En este plano, no se trata de recluirse en el campo de la conciencia: lo que el autor llama “actual poesía política” también apunta –como estrategia contestataria- a desatar las posibilidades afectivas del poema, produciendo una «evidencia imprevisible». Lo central es esta dicción que habla desde la herida, desde los vínculos desgarrados, desde la promesa de una emancipación nunca garantizada que reclama una práctica conflictiva que incluye y desborda el campo poético.

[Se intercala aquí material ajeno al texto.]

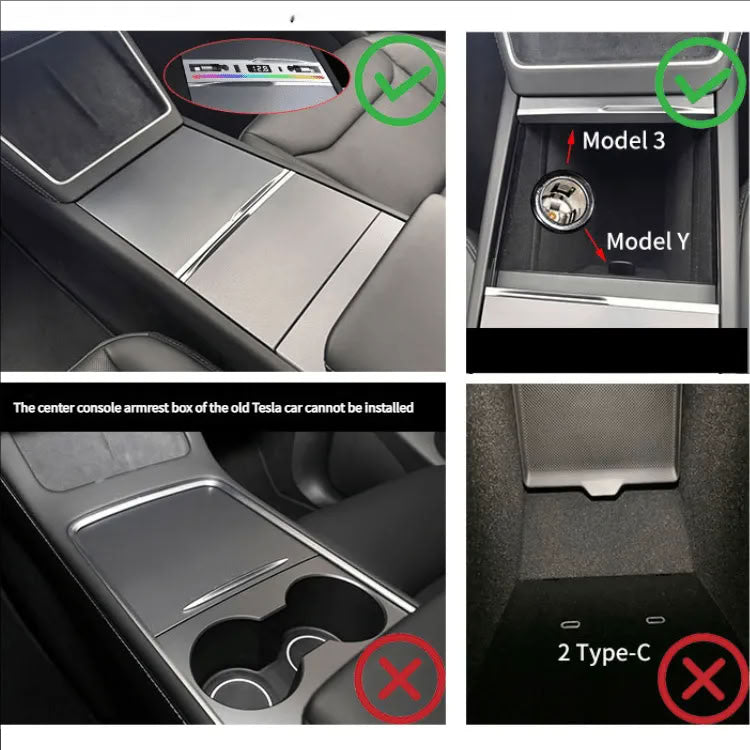 Center Console Ambient Light USB Hub Tesla Model Y Juniper / Model 3 Highland - Teskay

En un “mundo repleto de víctimas”, la esperanza es posible si “tienen un futuro nuestros muertos”. En esta lucha –nos dice Falcón- no queda excluida la posibilidad panfletaria –puesto que también hay buenos panfletos-, aunque también caben poemas políticos que apelan a otros recursos para expresar la “tensión acuciada a la intemperie”, la ira que otros ocultan obnubilados por la lira. Ideología y utopía se enlazan para dar lugar a la “más insatisfactoria de las prácticas literarias” que es la poesía política (que no teme su nombre): “Hay partículas de sangre en todos nuestros poemas”. Porque lo otro al lenguaje rabioso de la poesía política actual, no es una poesía apolítica, sino una –podríamos arriesgar- que al condenarse a la inconsciencia política, hace política aberrante.